Identifying as a non-partisan Independent, Ortiz sees himself as especially poised to work with both sides. He’s a member of the Democrat-led House minority.

“When I ran for office, my message was that while partisanship has been the way that we do business, it hasn’t always resulted in the best interest of the state of the whole,” Ortiz said. “I think difficult times sometimes call for new solutions.”

Ortiz was put on the House Transportation and House Fisheries committees, which he said is a good fit for the district he’s representing. He’s from Ketchikan, where he has worked as a social studies and government teacher and a debate coach. He said he will look out for the Alaska Marine Highway System from his seat on the Transportation Committee.

Besides co-sponsoring Kreiss-Tomkins’ pesticides legislation, he’s also one of the sponsors of the House minority’s pre-kindergarten bill, which would provide the framework for a statewide pre-elementary program. He said he is also working on some legislation of his own.


Sen.

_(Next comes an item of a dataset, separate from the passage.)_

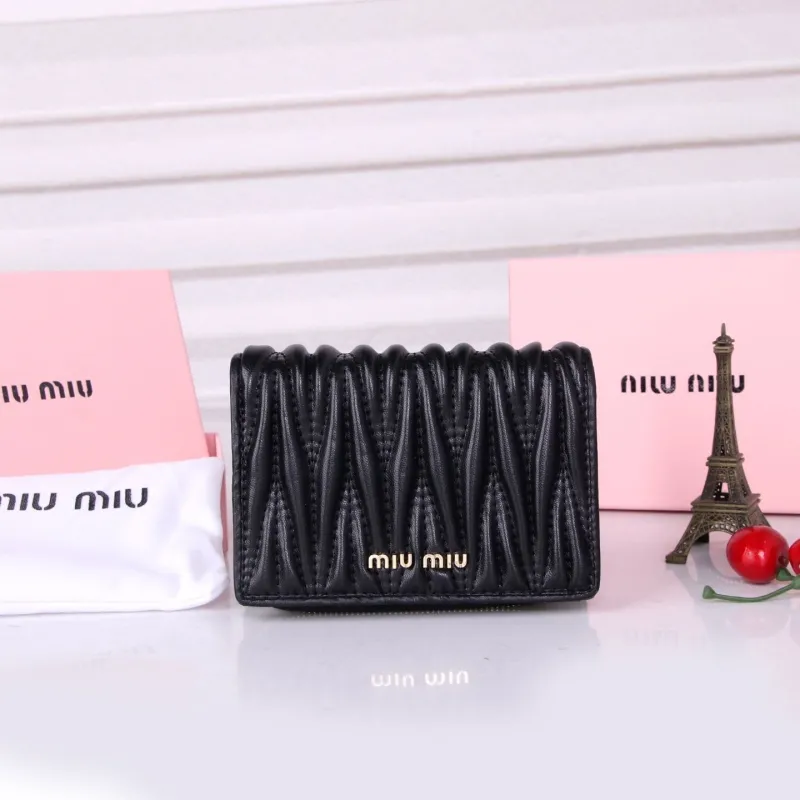 Miu Miu Black Quilted Wallet 165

Bert Stedman, R-District R

Sitka legislator Stedman said he is almost completely focused on the state’s suffering budget, which is facing an estimated $3.5 billion deficit in fiscal year 2016. Without cuts or an unexpected bump in oil revenue, that deficit will be made good with money from state savings accounts.

“Nobody living today or even yesterday (has) seen the state this far underwater,” he said. “We can close down entire departments and never balance the budget.”

He said he hopes the rest of the Legislature will join him in aggressively tackling the budget. He expects this year’s actions will be easier than the next year of cuts. He said he thinks it will take three to four years for the state’s financial state to turn around, even if lawmakers act aggressively.

“This is not the time to be bickering on partisan issues ... or megaprojects that need to be funded,” Stedman said. “They can be pushed forward a few years.”

If lawmakers aren’t serious about the budget now, they could “create a bigger problem for someone else to fix” later, he said.

Stedman said he hopes districts across the state take comparable budget cuts — no one community should have to shoulder the burden more than others.

“I want to see a fair distribution of pain around the state,” he said.

He said he expects state programs will need to be downsized and staff will have to be laid off, and he’s telling his constituents not to expect any capital projects that aren’t already in the governor’s skeletal budget. Juneau and Anchorage will probably feel the strain more acutely than other cities because of their large populations of state workers, Stedman said.

He said Alaskans can no longer rely on oil to pay their way, as production will never be as high as it once was and “SB21 is not going to fill the pipeline back up.”

“All hands need to be on deck to work with the governor for the best interest of the state to work on this operating budget,” Stedman said.